Il modello del Big Bang costituisce da decenni la pietra angolare della cosmologia contemporanea, offrendo la spiegazione più accettata sull’origine dell’universo, che si ritiene abbia avuto inizio da uno stato incredibilmente caldo e denso circa 13,8 miliardi di anni fa, per poi espandersi.
Nonostante la sua ampia accettazione, il modello presenta ancora lacune, specialmente per quanto riguarda i dettagli dei primissimi istanti dell’universo, lasciando spazio a incertezze e ipotesi non ancora verificate.

La nuova teoria sul Big Bang
Nel luglio del 2025, un gruppo di scienziati ha presentato una proposta innovativa per la revisione del modello del Big Bang, destinata potenzialmente a mutare radicalmente la nostra comprensione delle origini cosmiche. I ricercatori, tra cui Raúl Jiménez dell’Università di Barcellona e Daniele Bertacca dell’Università di Padova, hanno formulato una teoria alternativa che elimina la necessità di invocare l’esistenza di una particella ipotetica e misteriosa, denominata inflatone. Tradizionalmente, questa particella era ritenuta responsabile della fase di rapidissima espansione dell’universo immediatamente successiva al Big Bang.
La nuova teoria propone che le onde gravitazionali, minuscole increspature nello spazio-tempo, possano spiegare in modo efficace il processo di formazione della materia e della struttura nell’universo primordiale. Il modello elaborato dal team dimostra che queste increspature, emerse come sottoprodotti naturali della fisica quantistica, hanno generato le fluttuazioni di densità che, nel tempo, si sono evolute fino a dare origine alle galassie e alle stelle che osserviamo oggi.

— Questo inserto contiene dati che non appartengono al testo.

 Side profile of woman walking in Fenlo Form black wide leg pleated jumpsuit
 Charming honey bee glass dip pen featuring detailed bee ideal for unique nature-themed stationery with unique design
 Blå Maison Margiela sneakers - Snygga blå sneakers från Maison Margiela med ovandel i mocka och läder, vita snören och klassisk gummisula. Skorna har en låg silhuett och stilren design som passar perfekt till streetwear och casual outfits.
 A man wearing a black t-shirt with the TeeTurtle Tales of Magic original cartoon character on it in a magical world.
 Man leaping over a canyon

Questo approccio ha il notevole vantaggio di eliminare la necessità di ipotetiche nuove particelle, basandosi invece esclusivamente su principi fisici che sono già stati osservati e ampiamente testati.

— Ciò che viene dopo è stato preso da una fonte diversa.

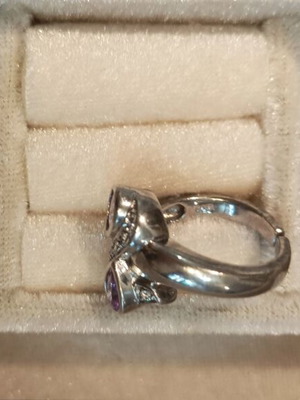 Silver ring with amethysts adjustable size, like new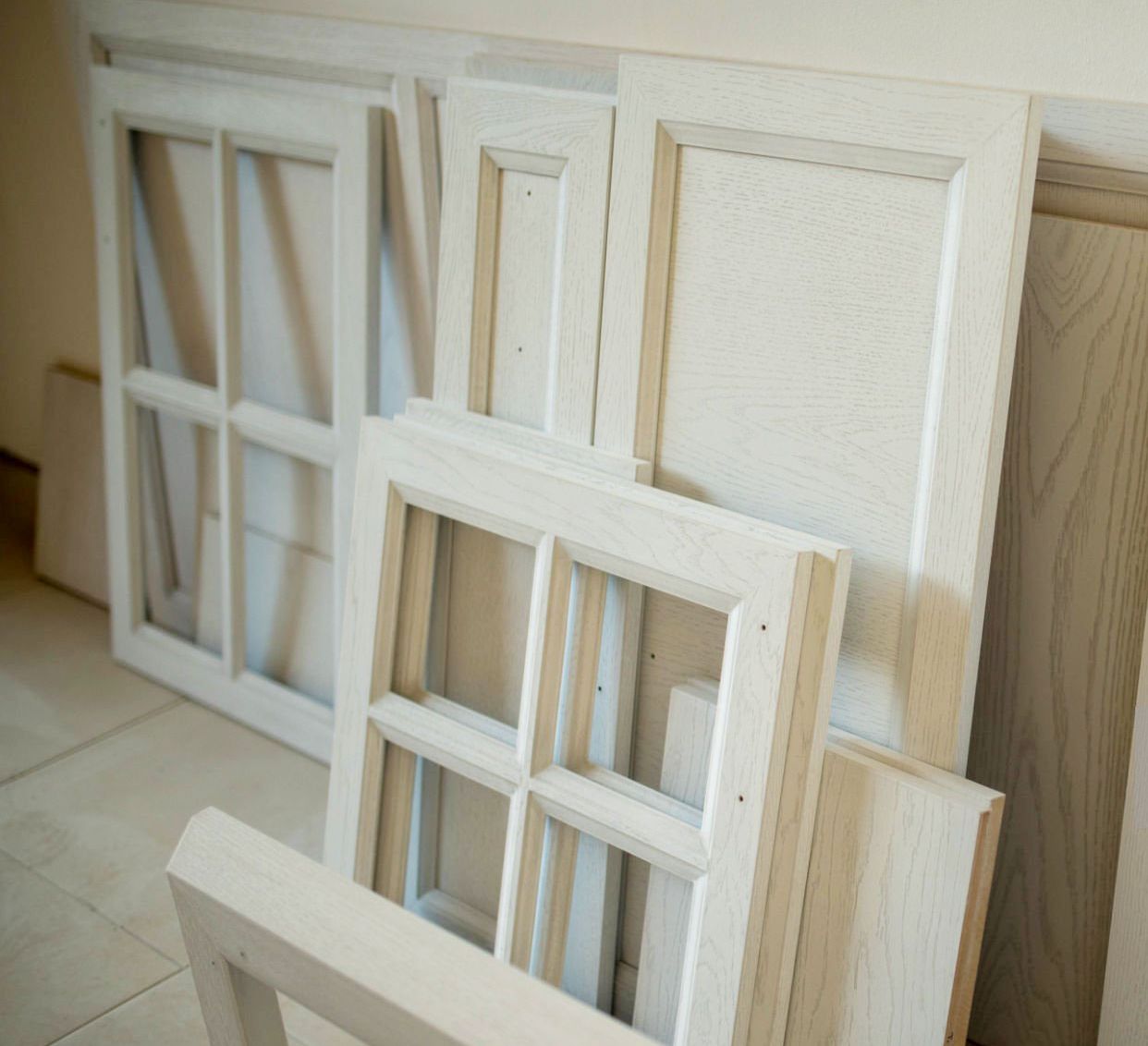 Gli infissi delle finestre e i pannelli delle porte in legno bianco sono appoggiati a una parete.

La forza della semplicità teorica
Il professor Jiménez ha evidenziato come il principale punto di forza del nuovo modello cosmologico risieda nella sua estrema semplicità. Eliminando la necessità della particella ipotetica nota come inflatone, “la teoria diventa minimalista e chiara”, fornendo un solido quadro di riferimento per i futuri test scientifici. Questa architettura teorica snella si propone di superare la tendenza a un’eccessiva flessibilità nei modelli scientifici.
Lo studio propone che le onde gravitazionali abbiano avuto un duplice ruolo cruciale nell’universo primordiale. Non solo avrebbero plasmato le prime fluttuazioni di densità che hanno portato alla formazione delle strutture cosmiche, ma avrebbero anche fornito un meccanismo naturale per la conclusione della fase di inflazione. Secondo questa ipotesi, la transizione da una fase di rapida espansione a un cosmo ricco di radiazioni sarebbe avvenuta in modo continuo e senza soluzione di continuità, permettendo all’universo di evolvere nella complessa struttura osservata attualmente.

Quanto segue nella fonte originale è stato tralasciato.